Por fim, como este Juízo já havia deixado consignado anteriormente, ainda que se reconheça que os réus possuem endereço fixo no distrito da culpa, posto que, como noticiado, o apartamento onde os fatos ocorreram foi adquirido pelo pai de Alexandre para ali estabelecessem seu domicílio, com ânimo definitivo, além do fato de Alexandre, como provedor da família, possuir profissão definida e emprego fixo, como ainda pelo fato de nenhum deles ostentarem outros antecedentes criminais e terem se apresentado espontaneamente à Autoridade Policial para cumprimento da ordem de prisão temporária que havia sido decretada inicialmente, isto somente não basta para assegurar-lhes o direito à obtenção de sua liberdade durante o restante do transcorrer da presente ação penal, conforme entendimento já pacificado perante a jurisprudência pátria, face aos demais aspectos mencionados acima que exigem a manutenção de suas custódias cautelares, o que, de forma alguma, atenta contra o princípio constitucional da presunção de inocência:

‘RHC - PROCESSUAL PENAL - PRISÃO PROVISÓRIA - A primariedade, bons antecedentes, residência fixa e ocupação lícita não impedem, por si só, a prisão provisória’ (STJ, 6ª Turma, v.u., ROHC nº 8566-SP, rel. Min. Luiz Vicente Cernicchiaro, julg. em 30.06.1999).

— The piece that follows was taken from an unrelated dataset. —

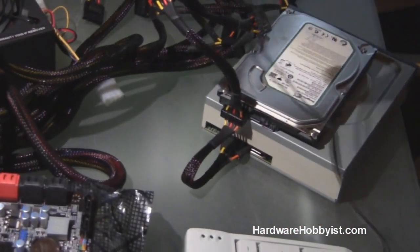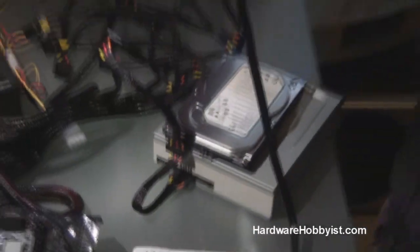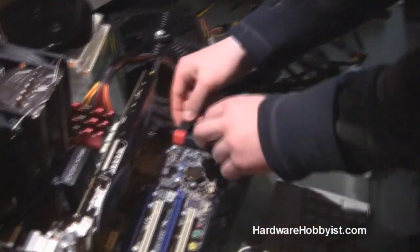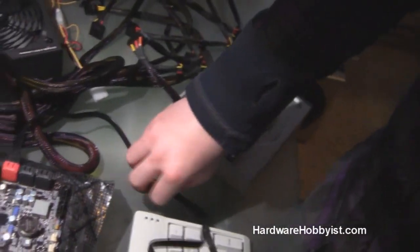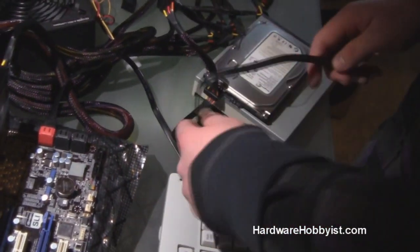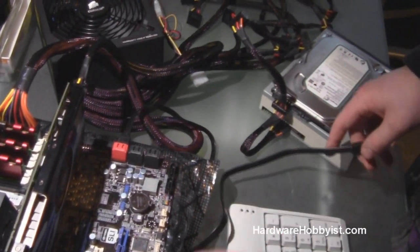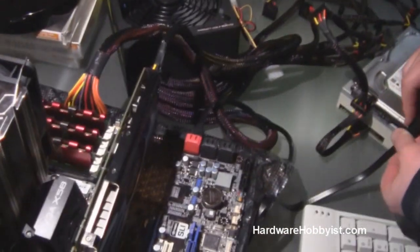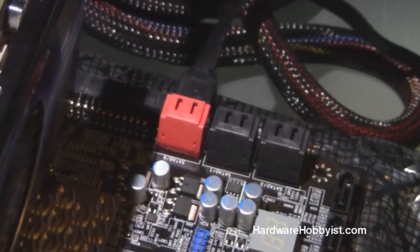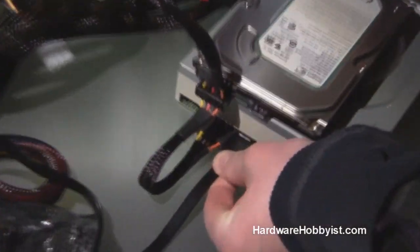So as you see here, Max has connected the power supply cables for the SATA drives, and now he's going to connect the SATA data cable from the motherboard to the actual drive. Keep in mind that right now it doesn't matter which slot you put it in, but once you actually get your operating system installed, you want to keep your drives in a consistent slot in your motherboard, because the BIOS does recognize which slot it is in.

"HABEAS CORPUS. HOMICÍDIO QUALIFICADO. PRISÃO PREVENTIVA. ASSEGURAR A INSTRUÇÃO CRIMINAL. AMEAÇA A TESTEMUNHAS. MOTIVAÇÃO IDÔNEA. ORDEM DENEGADA. 1. A existência de indícios de autoria e a prova de materialidade, bem como a demonstração concreta de sua necessidade, lastreada na ameaça de testemunhas, são suficientes para justificar a decretação da prisão cautelar para garantir a regular instrução criminal, principalmente quando se trata de processo de competência do Tribunal do Júri. 2. Nos processos de competência do Tribunal Popular, a instrução criminal exaure-se definitivamente com o julgamento do plenário (arts. 465 a 478 do CPP). 3. Eventuais condições favoráveis ao paciente - tais como a primariedade, bons antecedentes, família constituída, emprego e residência fixa - não impedem a segregação cautelar, se o decreto prisional está devidamente fundamentado nas hipóteses que autorizam a prisão preventiva. Nesse sentido: RHC 16.236/SP, Rel. Min. FELIX FISCHER, DJ de 17/12/04; RHC 16.357/PR, Rel. Min. GILSON DIPP, DJ de 9/2/05; e RHC 16.718/MT, de minha relatoria, DJ de 1º/2/05). 4. Ordem denegada. (STJ, 5ª Turma, v.u., HC nº 99071/SP, rel. Min. Arnaldo Esteves Lima, julg. em 28.08.2008).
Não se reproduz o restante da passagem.